Off the wire

  • 2001-06-21
PRICE HIKE: Latvia's state-owned electricity company Latvenergo wants to raise rates 10 percent beginning next year. Company President Karlis Mikelsons told reporters that the electricity utility is forced to raise tariffs because of higher supply costs and large company investments. Mikelsons said the new tariff calculation scheme submitted to the Power Supply Regulatory Council will include reduced rates for socially vulnerable groups and industrial consumers. Thus the tariff hike will most sharply affect households, the commercial sector and small production businesses, said Mikelsons. He said the new tariff rates will also be lower if electricity is used for heating. Currently the general electricity tariff charged by Latvenergo is 3.9 santims ($0.06) per kilowatt hour.

FARM TO FARM: The Estonian beverage company Osel Foods, Estonia's third largest juice producer with its Aura brand, plans to bring out a cheaper line of juices in the fall to be marketed mostly in rural areas.
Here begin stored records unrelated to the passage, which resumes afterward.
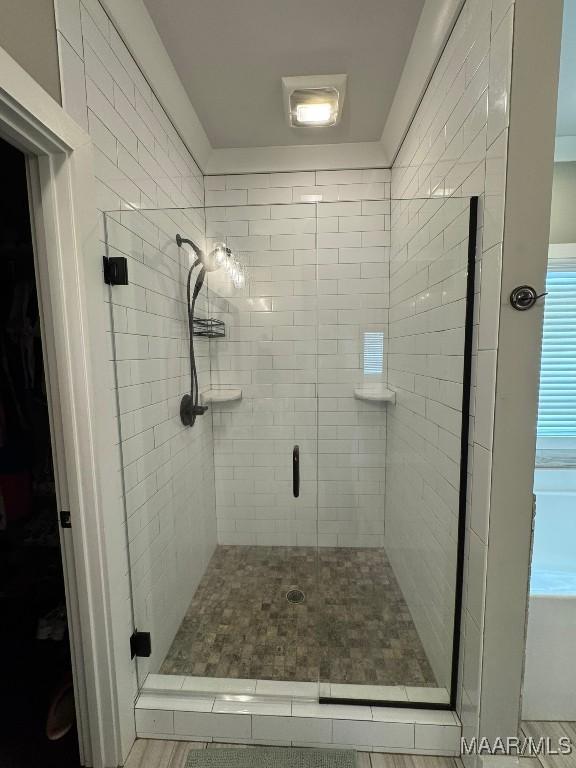 bathroom with an enclosed shower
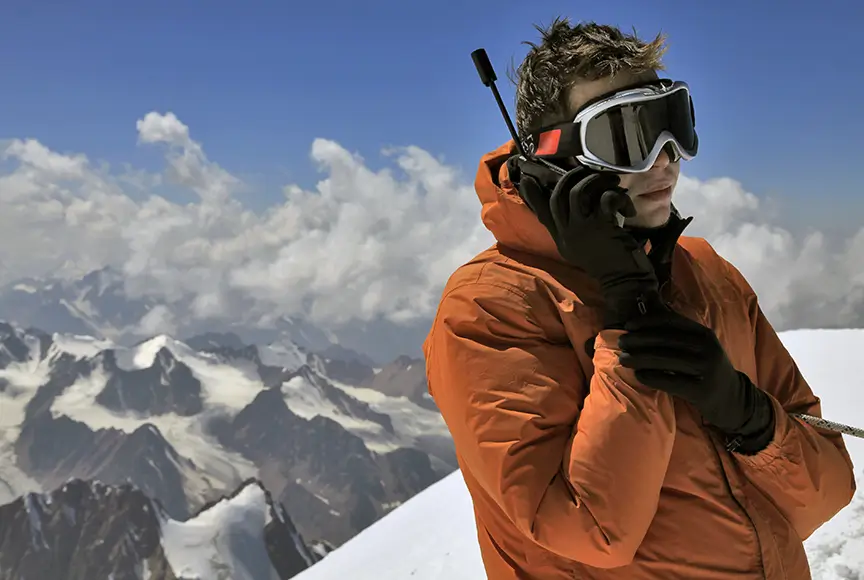 man with satellite phone on mountain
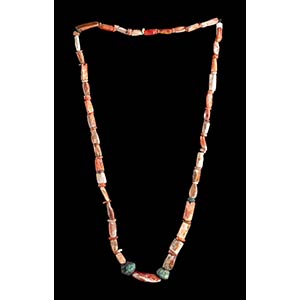 A CARNELIAN AND POTTERY BEADS NECKLACElabel: ... 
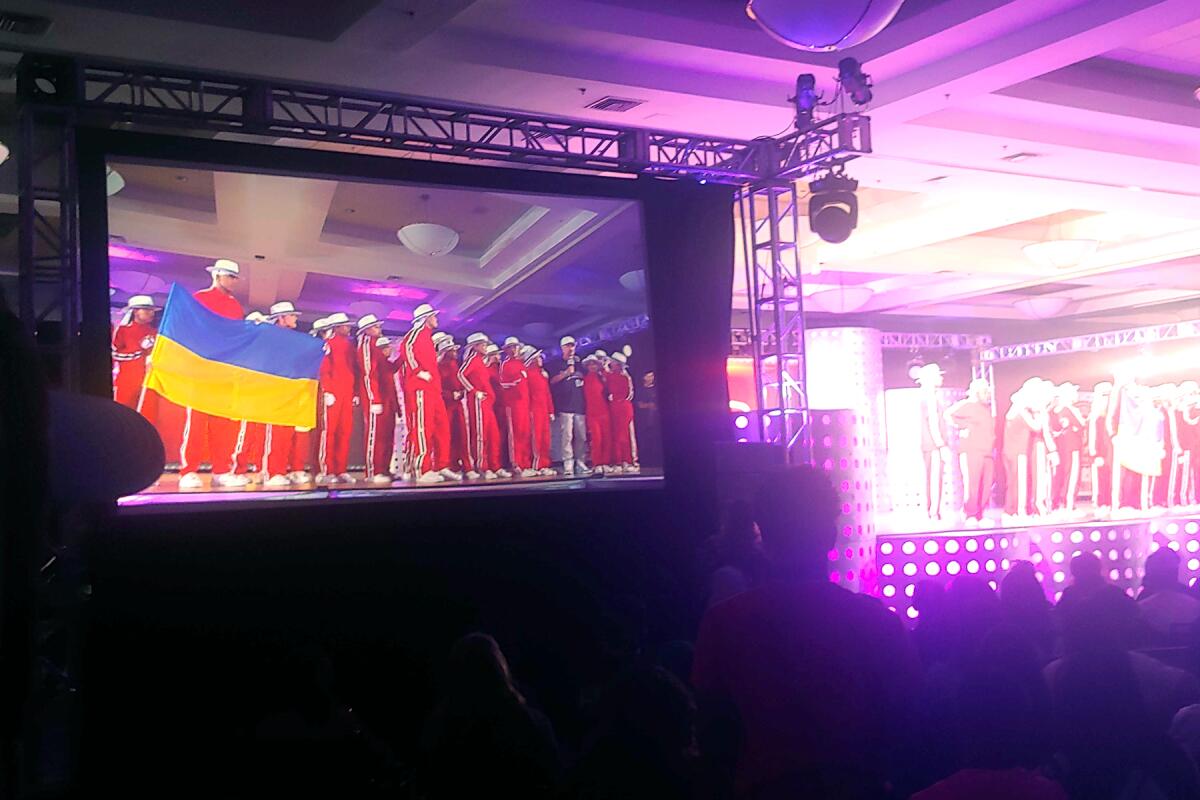 A dance crew in red tracksuits holds up a Ukrainian flag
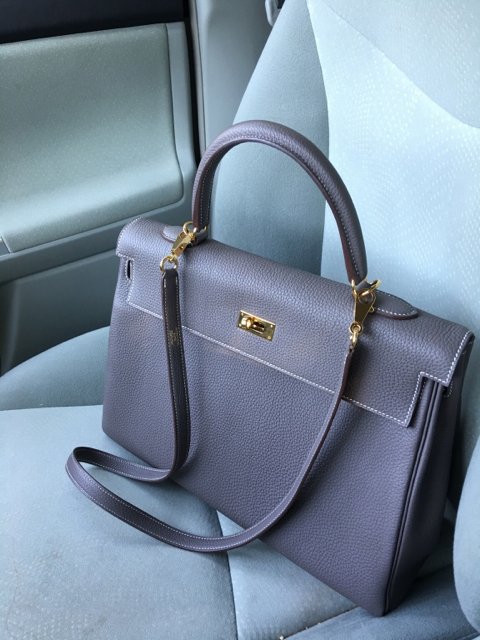 Reference image illustrating Hermès Bags Ride Shotgun: PurseForum Members Share Their Best Car-Seat Styling Moments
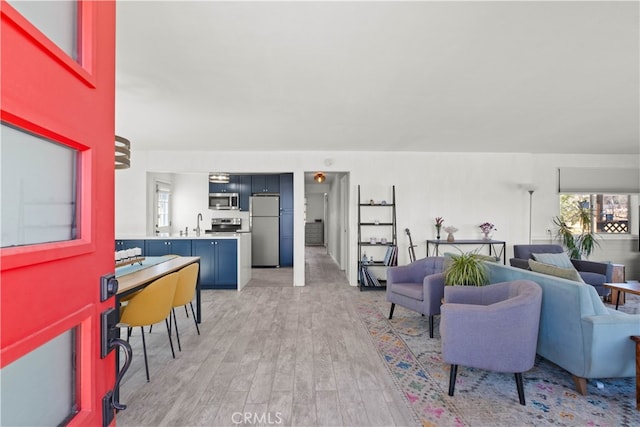 living room featuring light hardwood / wood-style floors and sink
According to market researchers Profindex, Aura occupies the third place among juice brands sold in Estonia after Gutta and Solo with an estimated market share of 12 percent. The launch of the new brand requires no investments, with the only extra costs coming from raw materials and package design, said Osel Foods Board Chairman Kuldar Leis. "In money terms, sale of the new juices should add from one-fourth to one-third to current sales," he said. The Aura line, which features nine different flavors , is a solid market leader in Tallinn. Sales of the Aura line, launched last October, amounted to 6.85 million kroons ($372,000) in the first quarter of this year.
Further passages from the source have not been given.